» **Provided data**:
##########
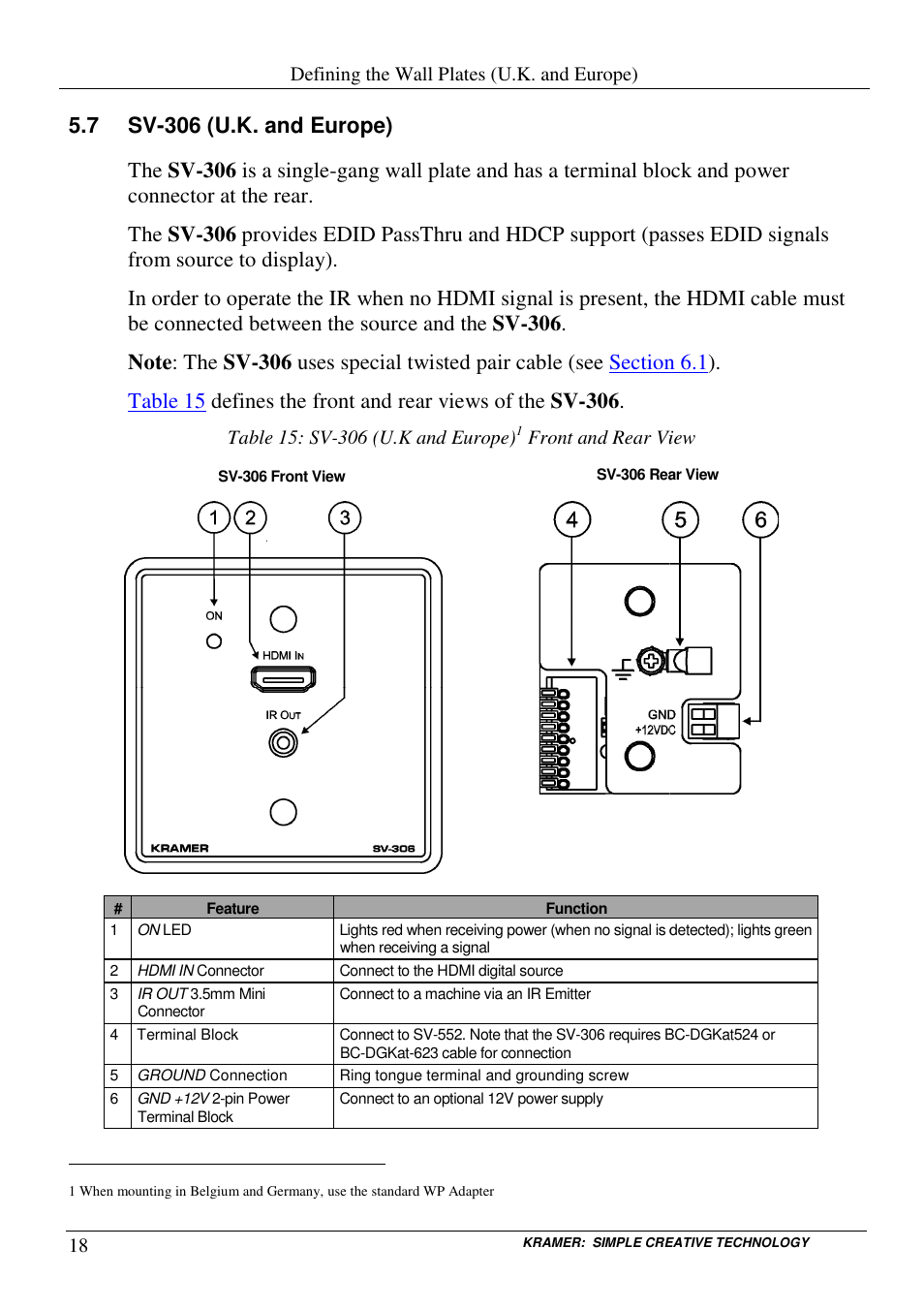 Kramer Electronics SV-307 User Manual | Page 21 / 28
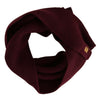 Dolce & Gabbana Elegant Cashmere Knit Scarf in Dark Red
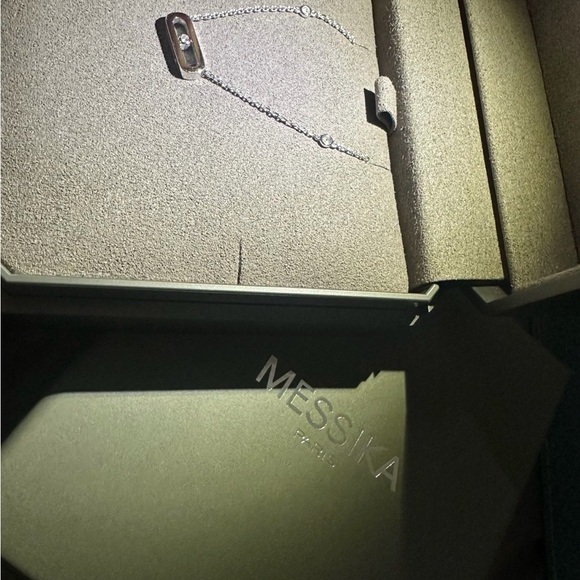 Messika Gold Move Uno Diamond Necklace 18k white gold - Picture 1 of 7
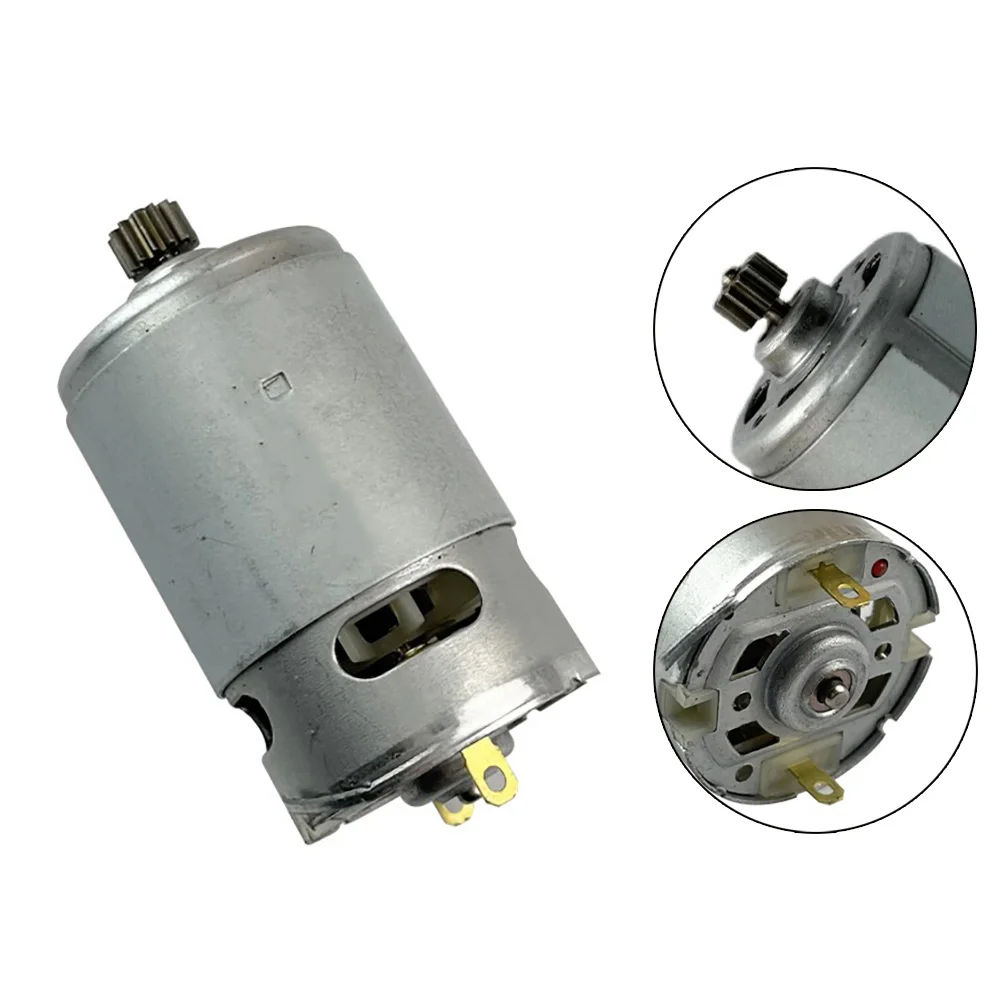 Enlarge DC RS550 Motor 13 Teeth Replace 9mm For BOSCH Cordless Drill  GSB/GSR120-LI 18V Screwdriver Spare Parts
##########
» **What the task requires**:
Set down the material above as is, without any pictures.

» **Task answer**:
 Kramer Electronics SV-307 User Manual | Page 21 / 28
 Dolce & Gabbana Elegant Cashmere Knit Scarf in Dark Red
 Messika Gold Move Uno Diamond Necklace 18k white gold - Picture 1 of 7
 Enlarge DC RS550 Motor 13 Teeth Replace 9mm For BOSCH Cordless Drill  GSB/GSR120-LI 18V Screwdriver Spare Parts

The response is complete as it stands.